§ Work order: Through to the final line, write out the records below exactly, omitting any images they contain.

┄┄┄┄┄┄┄┄┄┄┄┄┄┄┄┄┄┄┄┄

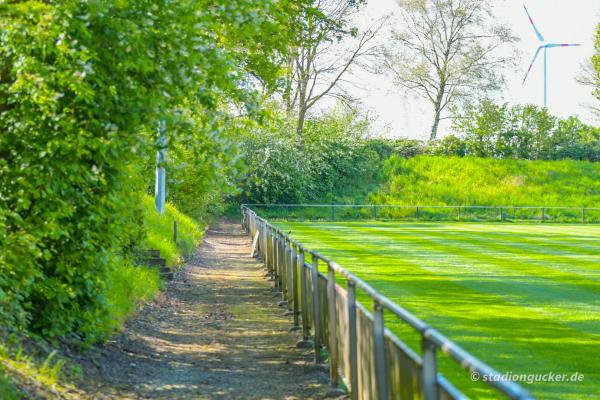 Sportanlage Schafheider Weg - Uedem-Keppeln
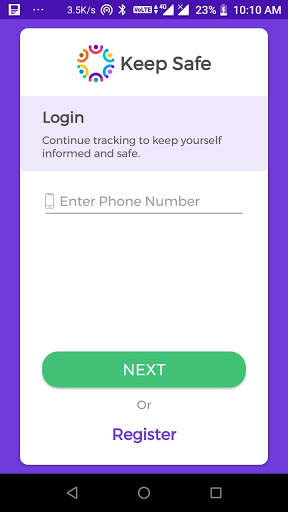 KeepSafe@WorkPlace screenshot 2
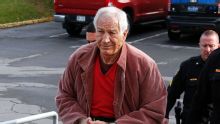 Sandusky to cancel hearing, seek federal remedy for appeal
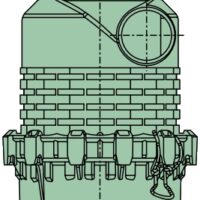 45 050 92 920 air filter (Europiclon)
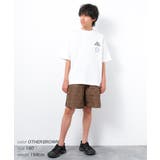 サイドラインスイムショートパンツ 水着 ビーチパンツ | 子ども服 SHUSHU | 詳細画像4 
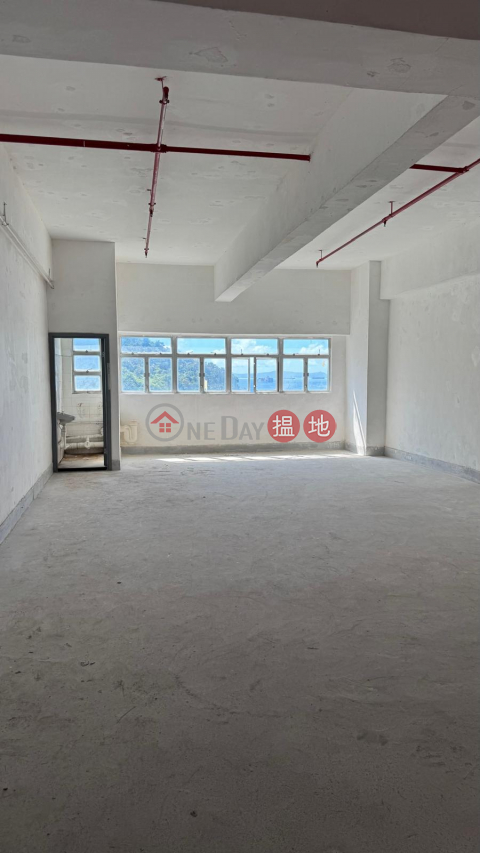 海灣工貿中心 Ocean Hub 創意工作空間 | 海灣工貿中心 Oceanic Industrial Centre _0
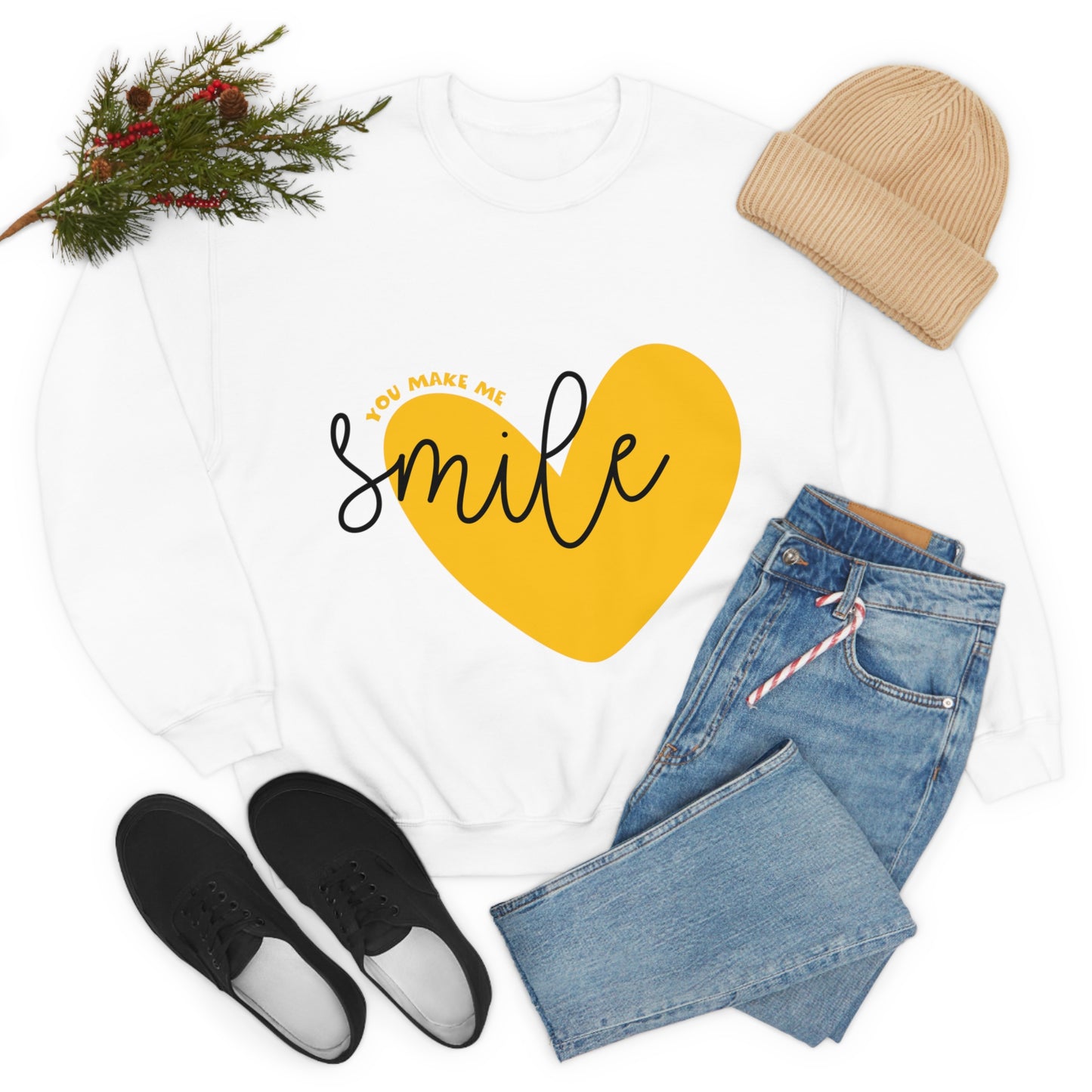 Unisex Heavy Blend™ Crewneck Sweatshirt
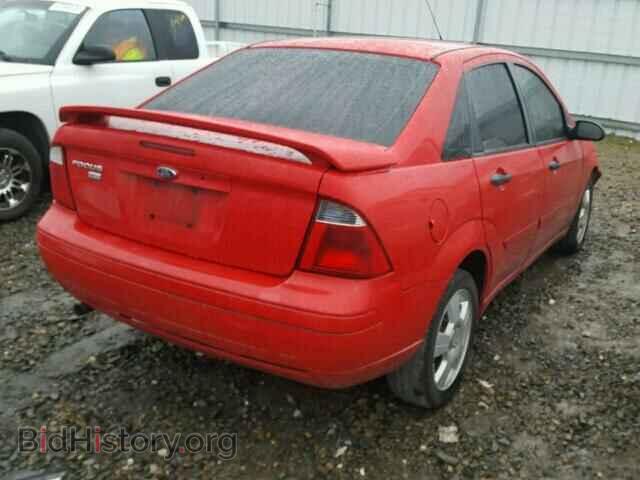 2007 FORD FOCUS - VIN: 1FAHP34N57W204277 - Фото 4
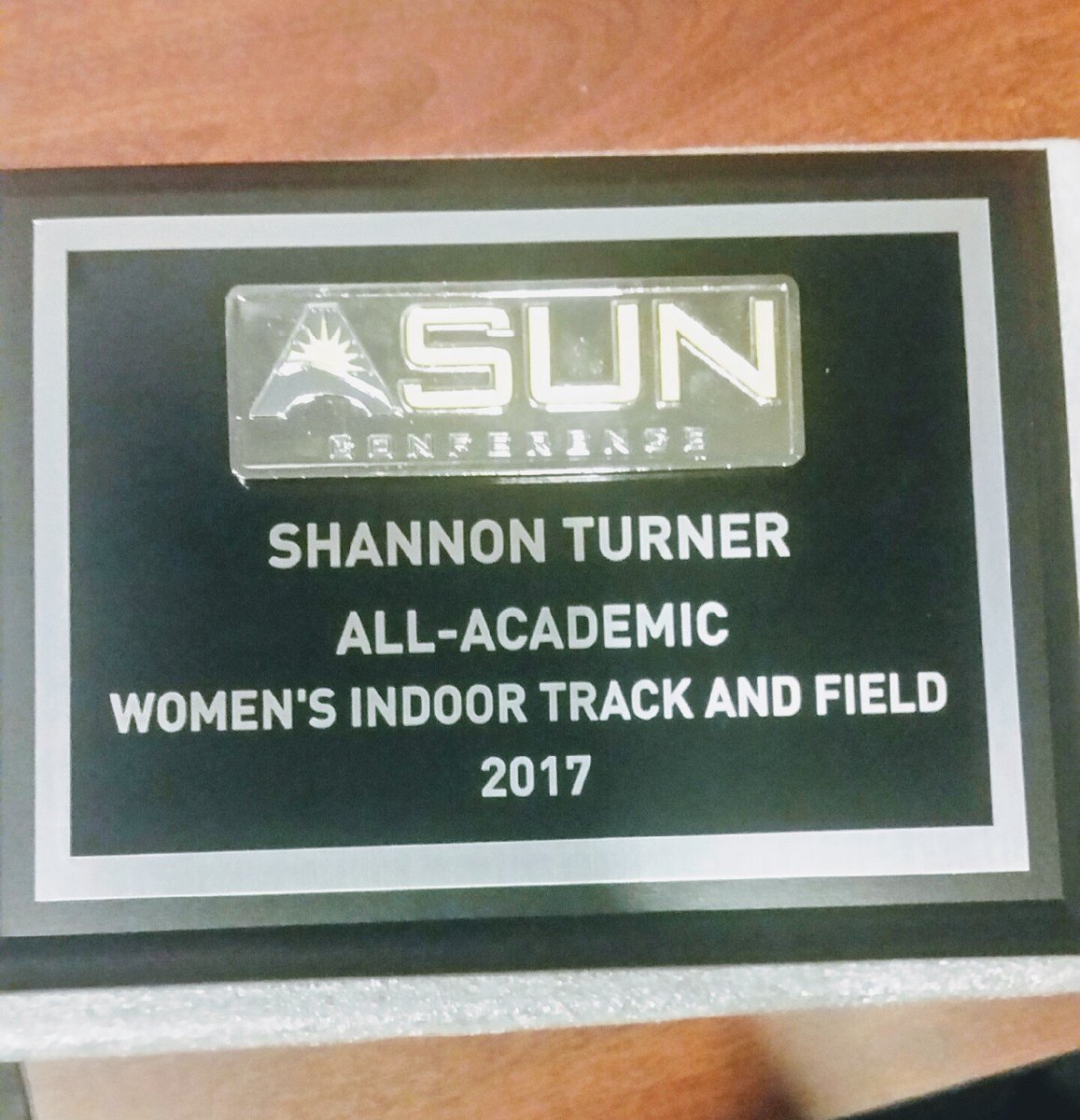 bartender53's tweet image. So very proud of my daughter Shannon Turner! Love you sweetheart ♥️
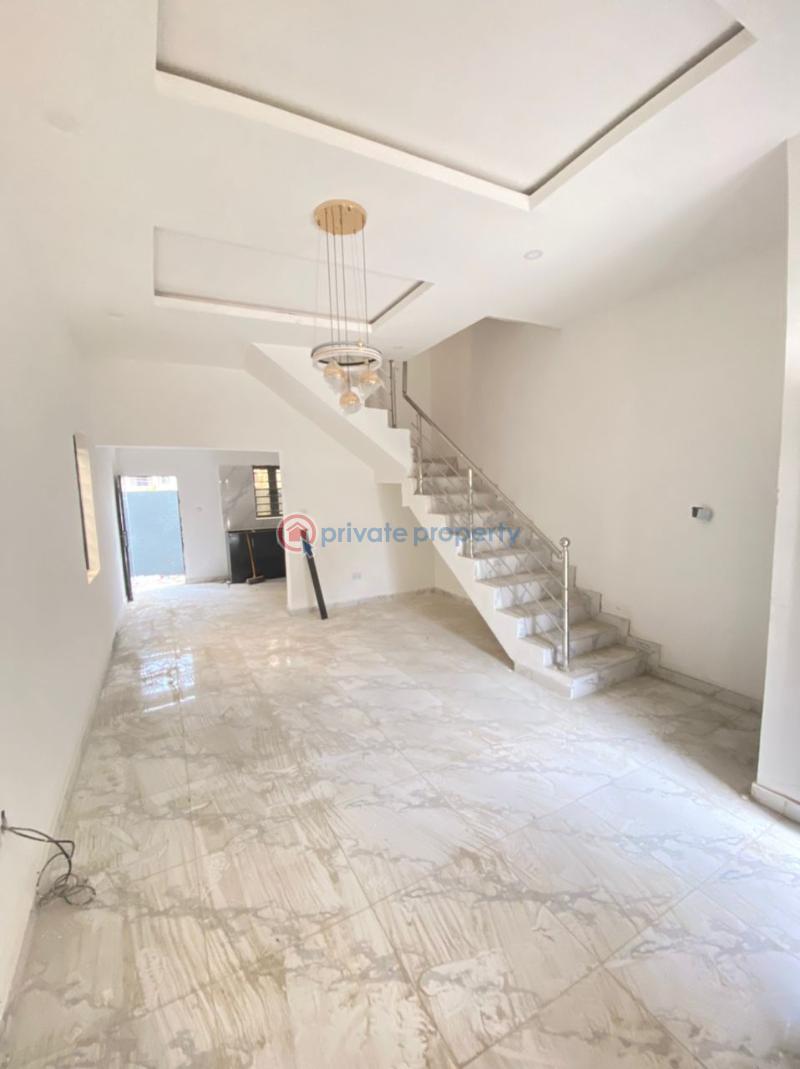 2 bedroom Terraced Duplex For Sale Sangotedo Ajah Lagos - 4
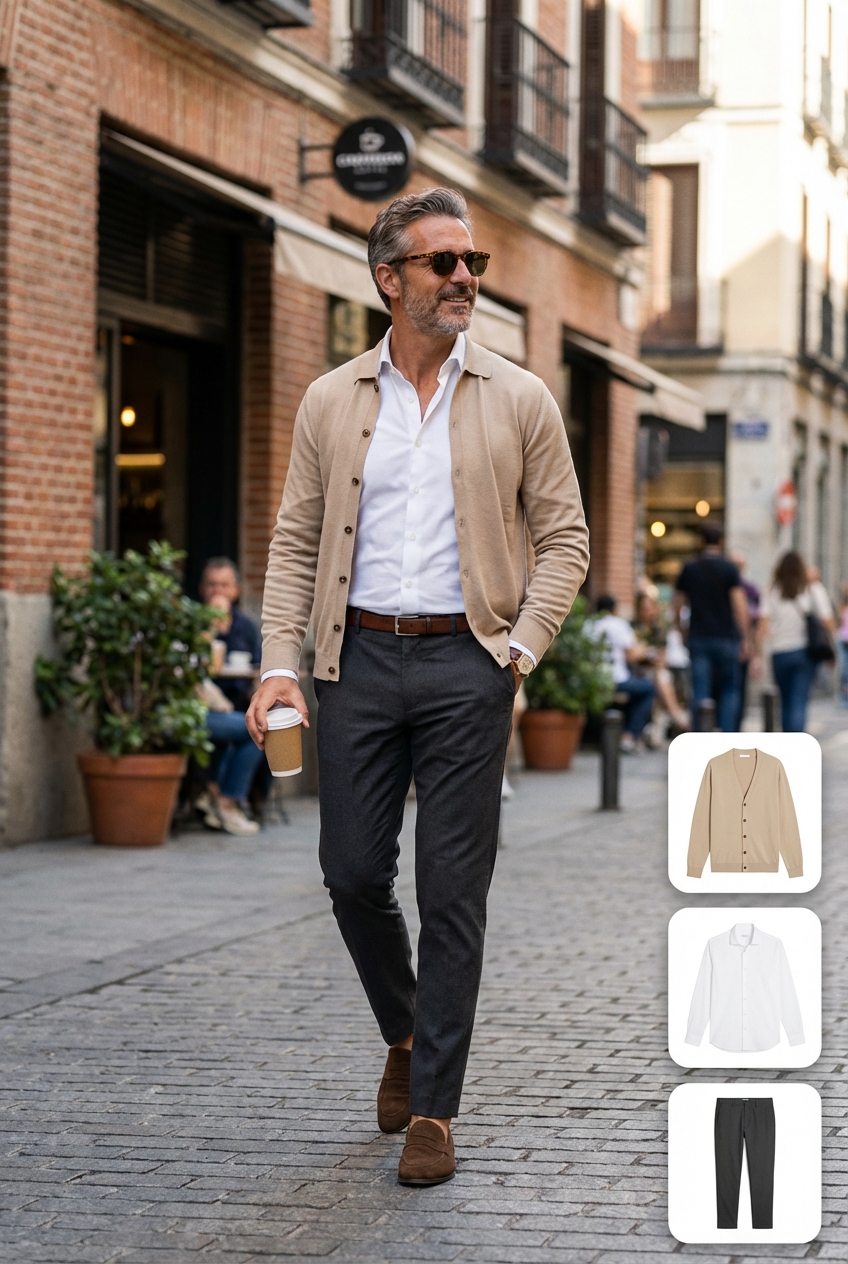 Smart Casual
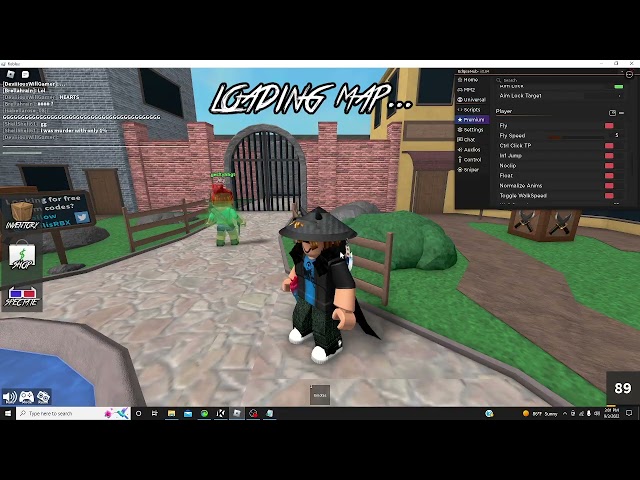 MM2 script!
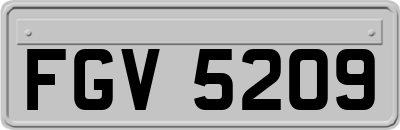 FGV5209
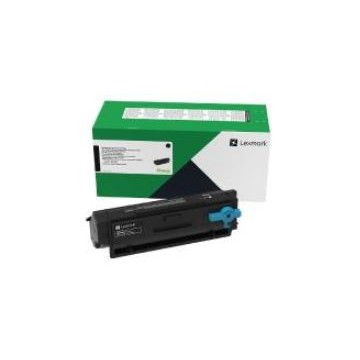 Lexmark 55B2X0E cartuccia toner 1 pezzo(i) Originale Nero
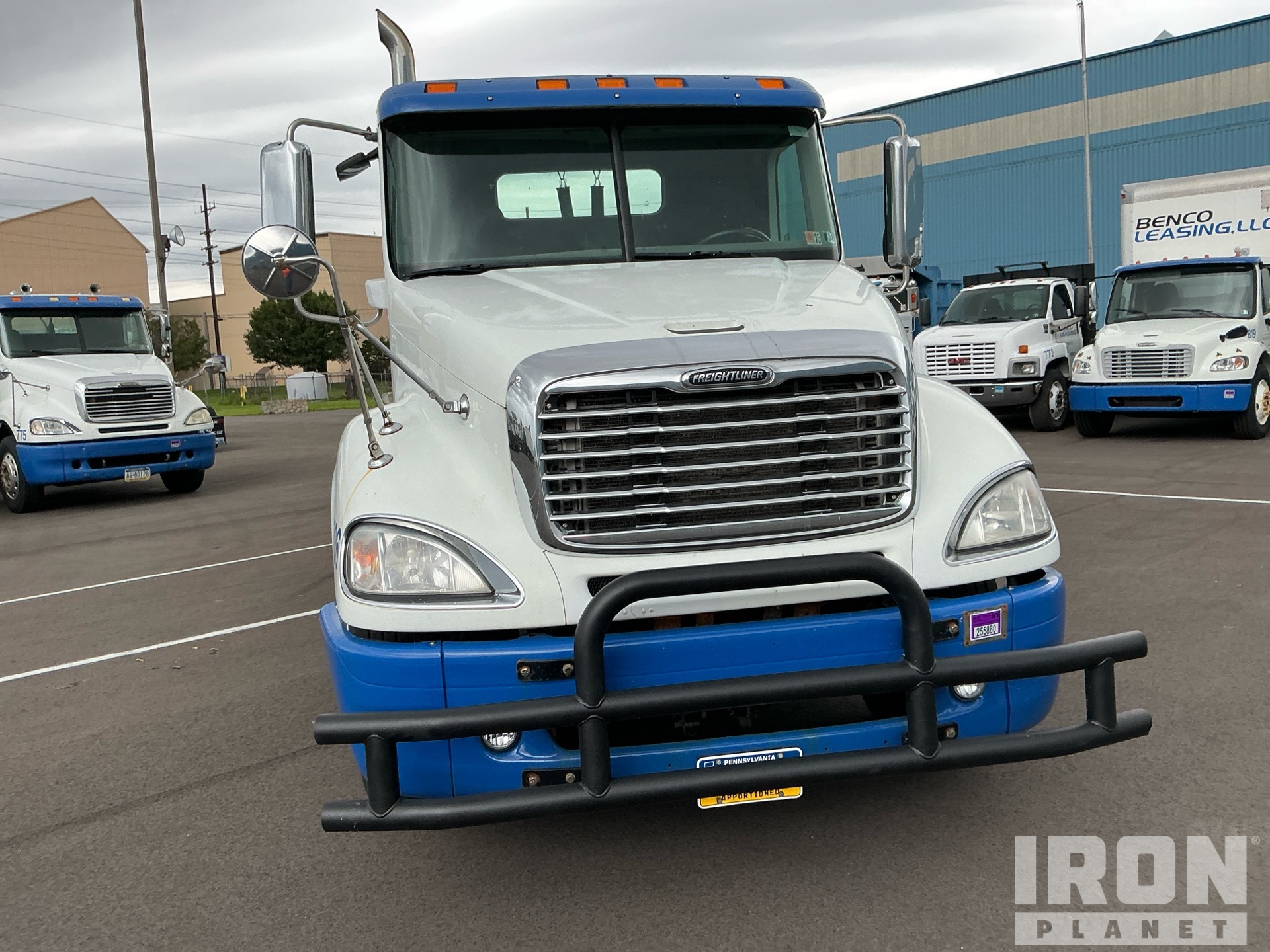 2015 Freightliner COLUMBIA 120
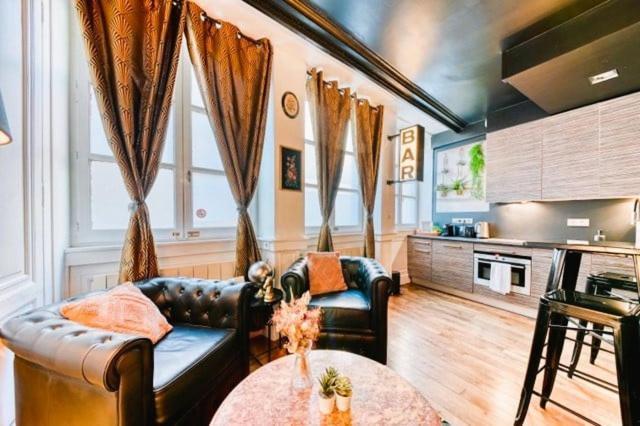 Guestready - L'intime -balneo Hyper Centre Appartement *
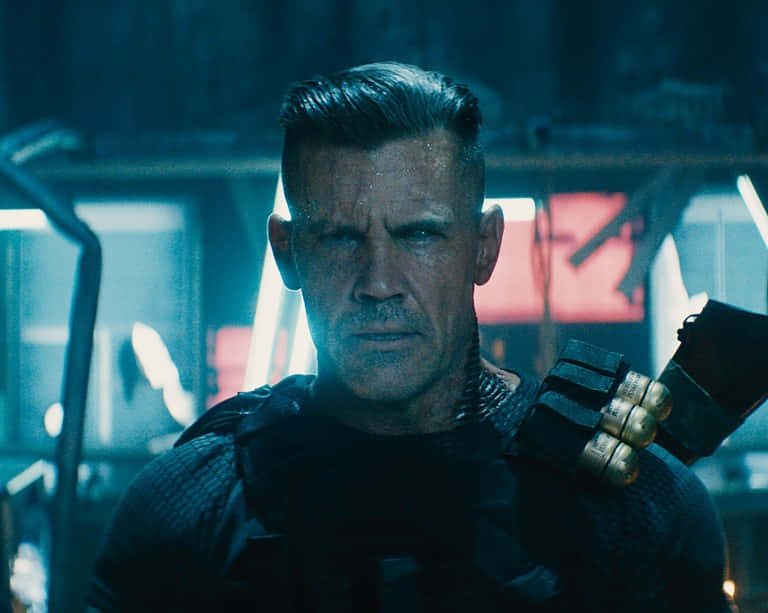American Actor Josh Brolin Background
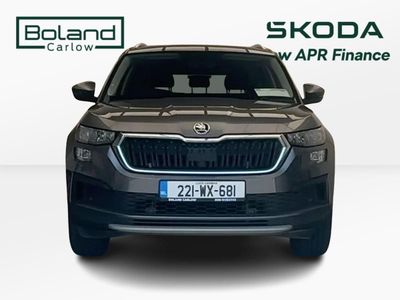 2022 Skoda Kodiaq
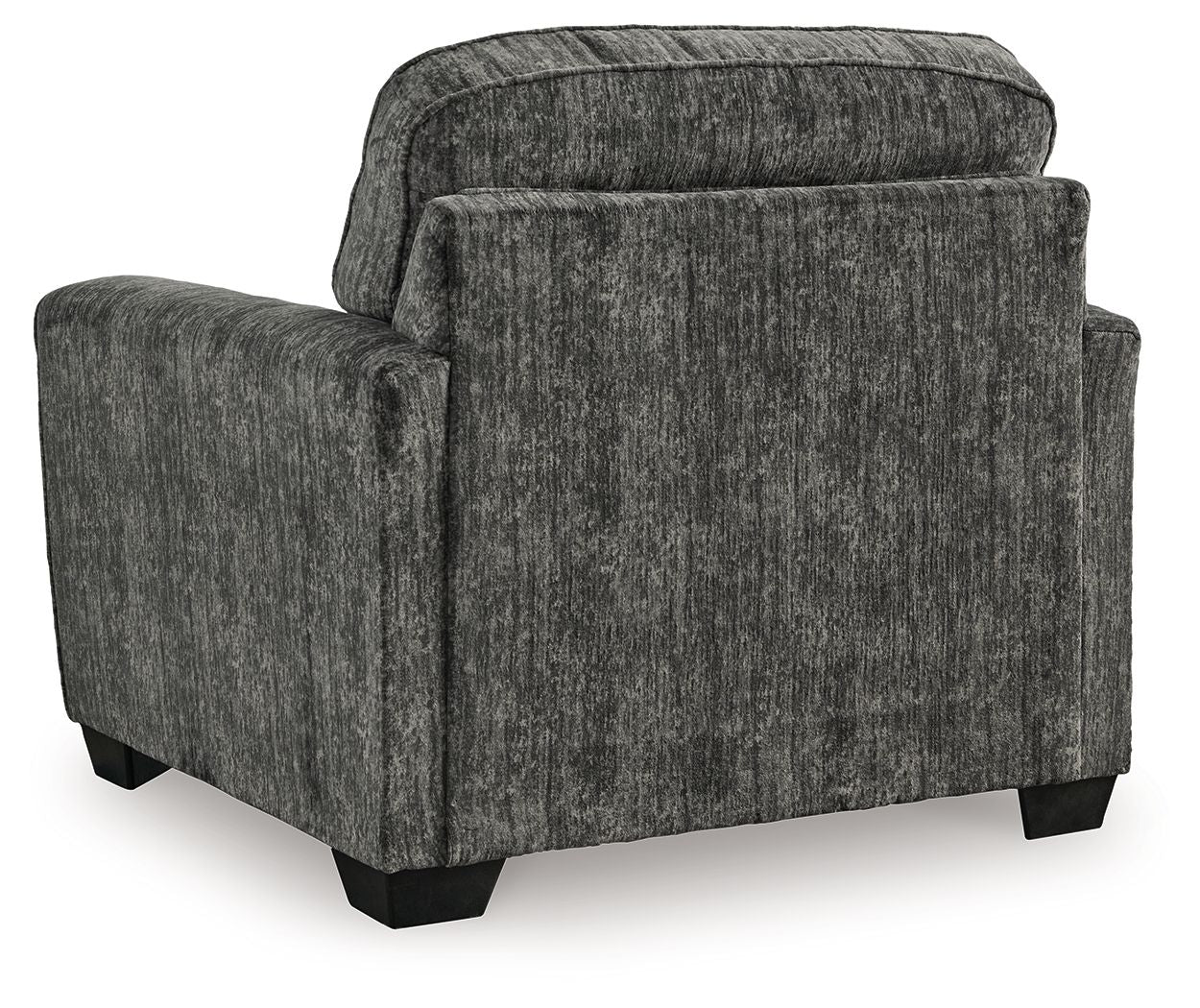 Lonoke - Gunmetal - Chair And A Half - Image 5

┄┄┄┄┄┄┄┄┄┄┄┄┄┄┄┄┄┄┄┄

§ Solved exercise:
 Sportanlage Schafheider Weg - Uedem-Keppeln
 KeepSafe@WorkPlace screenshot 2
 Sandusky to cancel hearing, seek federal remedy for appeal
 45 050 92 920 air filter (Europiclon)
 サイドラインスイムショートパンツ 水着 ビーチパンツ | 子ども服 SHUSHU | 詳細画像4 
 海灣工貿中心 Ocean Hub 創意工作空間 | 海灣工貿中心 Oceanic Industrial Centre _0
 Unisex Heavy Blend™ Crewneck Sweatshirt
 2007 FORD FOCUS - VIN: 1FAHP34N57W204277 - Фото 4
 bartender53's tweet image. So very proud of my daughter Shannon Turner! Love you sweetheart ♥️
 2 bedroom Terraced Duplex For Sale Sangotedo Ajah Lagos - 4
 Smart Casual
 MM2 script!
 FGV5209
 Lexmark 55B2X0E cartuccia toner 1 pezzo(i) Originale Nero
 2015 Freightliner COLUMBIA 120
 Guestready - L'intime -balneo Hyper Centre Appartement *
American Actor Josh Brolin Background
 2022 Skoda Kodiaq
 Lonoke - Gunmetal - Chair And A Half - Image 5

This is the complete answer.